Royal Dutch Shell is expected to be granted the permits it needs to drill for oil in the Arctic seas north of Alaska, the US interior secretary has said, giving the go-ahead for one of the industry’s most controversial projects.

Ken Salazar, the interior secretary, said Shell had been demonstrating its equipment for preventing and containing an oil spill during drilling, and had so far met all the requirements set out by US regulators.

“There’s not going to be an oil spill,” he said. “I don’t expect there’s going to be a problem.”

Mr Salazar said it was “highly likely” that the permits would be granted.

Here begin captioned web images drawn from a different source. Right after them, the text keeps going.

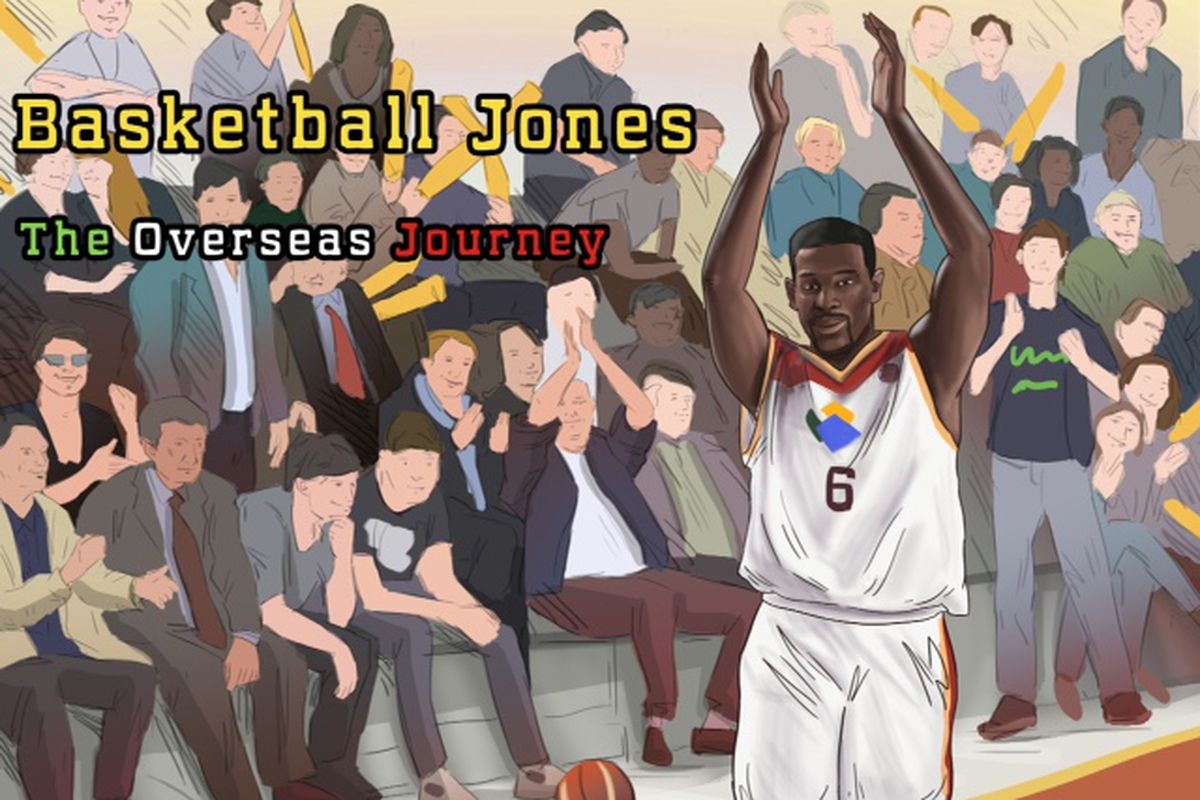 Former Dawg Bobby Jones details his experience overseas in recently released documentary
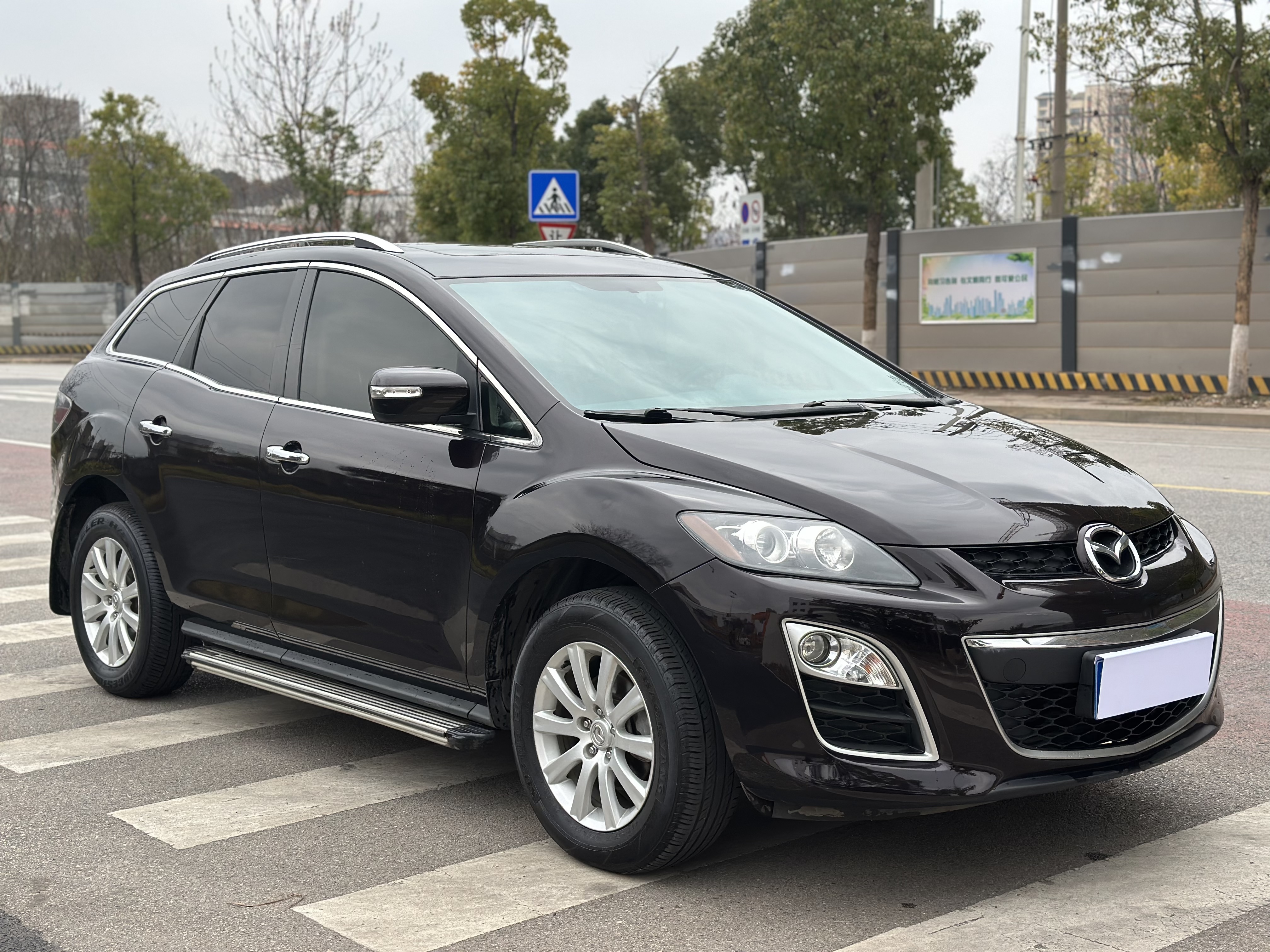 马自达 马自达CX-7 2016 汽车图片 #3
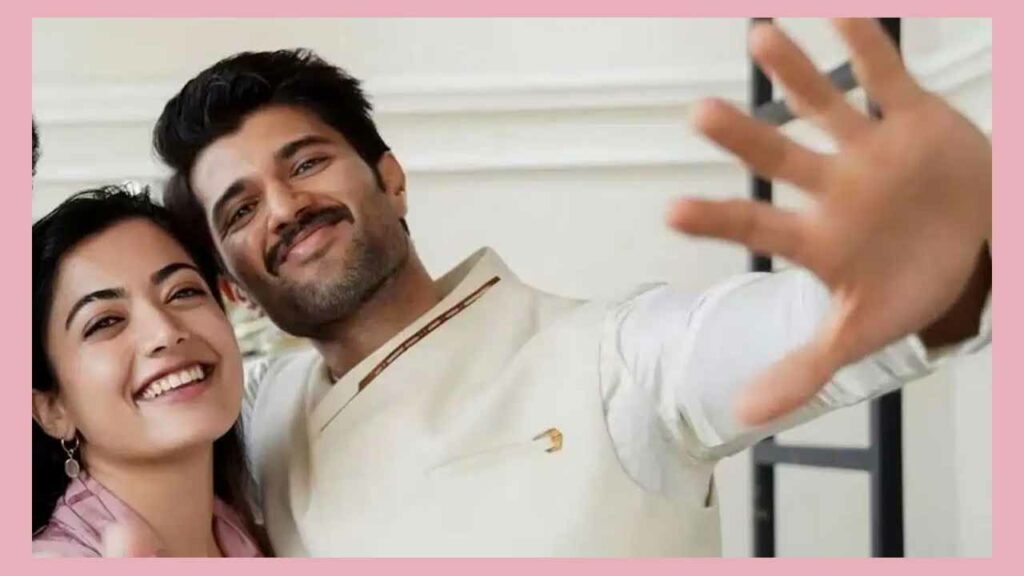 Vijay Rashmika Kingdom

He added that inspectors would be watching the drilling “24/7” and Shell and the oil industry would face “high risk” should anything go wrong.

“If there would be a problem, which one always has to anticipate, I believe that the response capabilities are there to arrest the problem in a very quick fashion and avoid environmental damage,” he said.

“If we were not confident that that were to happen, I would not let the permits go forward.”

He said that the interior department would soon set out plans for further sales of drilling leases in the Arctic to be held in 2016-17. In November, the department said the first of the new Arctic leases, in the Beaufort Sea, could be sold in 2015 but that has been put back by two years.

Plans to exploit the retreat of Arctic sea ice to drill for offshore oil and gas have become contentious following the BP spill in the Gulf of Mexico in 2010.

Environmental campaigners argue that a similar blowout during the drilling process would be even more serious, because the remote location and icy conditions would make stopping and cleaning up any leak more difficult, and the oil would disperse more slowly in colder water.

Shell acquired its leases to drill in the Arctic Chukchi and Beaufort seas for $2.2bn in 2005-08, and had first planned to drill in the summer of 2007 but was held up by a series of legal challenges and problems obtaining permits from the US authorities.

Under pressure from the industry and Republican politicians about the impact on employment caused by restrictions on drilling such as the six-month moratorium in the deep waters of the gulf that followed the BP spill, the Obama administration has been shifting to a more accommodating stance in its relations with oil companies.

Mr Salazar said oil and gas formed part of Mr Obama’s “all of the above” energy strategy.

Having secured most of the necessary approvals to start drilling this summer, Shell now needs only the specific permits for the ten wells it plans to drill this year and in 2013.

Those are dependent on trials of its technology for capping off a leak, and for containing and recovering any spilled oil; both of which proved difficult for BP during the gulf spill.

The capping stack, intended to be put on top of a leaking well, was demonstrated successfully to the Bureau of Safety and Environmental Enforcement, the offshore regulator, on Monday, and Shell intends to show its containment technology in action in the coming weeks.

The only remaining obstacle is the weather. The Arctic ice has retreated more slowly than expected this year, delaying Shell’s plans by about two weeks. The company expects to be able to move into position in late July or early August.

Greenpeace, the environmental group, says it is mounting one of its largest campaigns in an attempt to stop Shell’s drilling programme, and has already hit the company with fake adverts, press releases and a video.